Module BRCA-63: A Basal Subtype-Enriched Cell Cycle Checkpoint Module

The majority of TNBCs are in the Basal subtype (50–75%), and the majority of Basal tumors are TNBC (>90%). Target discovery is especially important for patients with Basal subtype tumors, as they usually have poor prognosis and dearth of viable targets. As such, we first set out to prioritize modules that may represent key biological pathways active in this highest risk subtypes. To do this, we calculated an adjusted p-value representing the association of each PAM50 group with each module (43) identifying module BRCA-63 as having the strongest association with the Basal subtype (adjusted p-value = 1.8e-7) (Fig. 3A).

Module BRCA-63 appeared to be a cell cycle checkpoint signaling module, as it has an SP/TP motif, characteristic of CDK1 and CDK2 targets (Fig. 3B). Furthermore, the phosphosites in this module significantly overlapped with known CDK1 and CDK2 targets (adj p = 1.27e-8, 7e-10, respectively) (32, 44) (Fig. 3C), though the majority of the sites were not contained in the CDK1 or CDK2 substrate lists from PhosphoSitePlus (Fig. 3E). When looking for regulators of the module, we identified a strong correlation between the module score and CDK1 abundance (Fig. 3D), as well as other mitotic kinases such as TTK, AURKB and MASTL (Fig. 1D). Moreover, this module contains compelling novel targets of CDK1 and/or CDK2, such as serine 183 on EIF3H, a site whose phosphorylation has been shown to be functionally necessary for oncogenic proliferation (45), potentially pointing to a connection between cell cycle checkpoint activation and translational initiation control.

Interestingly, the putative cell cycle checkpoint module (BRCA-63) is separate from a module containing several KI67 phosphosites (module BRCA-48) (supplemental Fig. S5), which is a marker of proliferation and is broadly used as a prognostic test in breast cancer (46, 47, 48, 49).

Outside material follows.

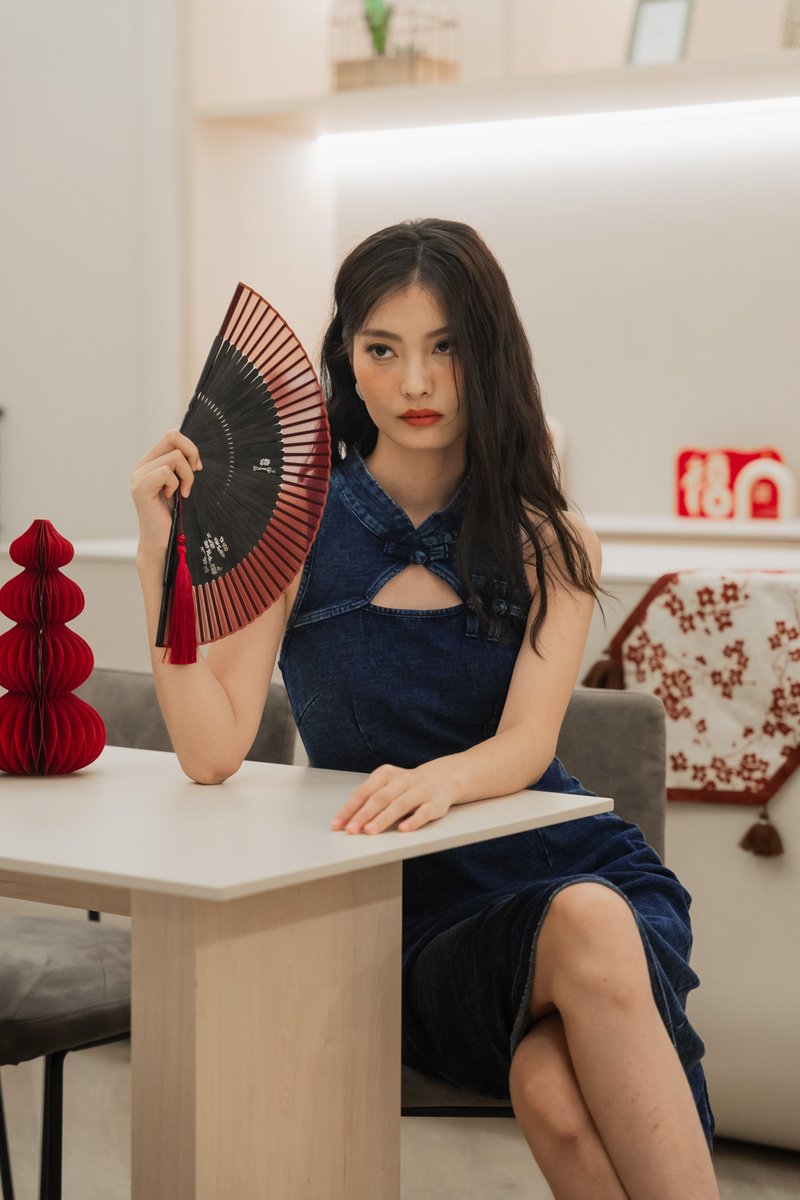 Quincy Denim Qipao Midi Dress (XL)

While both modules have high scores in Basal samples (Fig. 3A and supplemental Fig. S5A), the cell cycle checkpoint module is secondarily high in Her2e samples, while the proliferation module is also high in LumB samples (supplemental Fig. S5, B and C). This discrepancy indicates that proliferation and cell cycle checkpoints are separable pathways at the phosphorylation signaling level. The cell cycle checkpoint module is of particular interest, because CDK4/6 inhibitors (CDK4/6i) are currently being used to treat ER+ breast cancer (50), but there is a dearth of reliable biomarkers for the efficacy of this treatment (51, 52). Since CDK2 overactivation can compensate for CDK4/6i by phosphorylating the tumor suppressor Rb (53), the phosphorylation of peptides in this module could be excellent candidates as putative biomarkers for CDK4/6i resistance. The use of these biomarkers (along with others, such as measuring Rb loss) could expand the use of CDK4/6i to new patient cohorts.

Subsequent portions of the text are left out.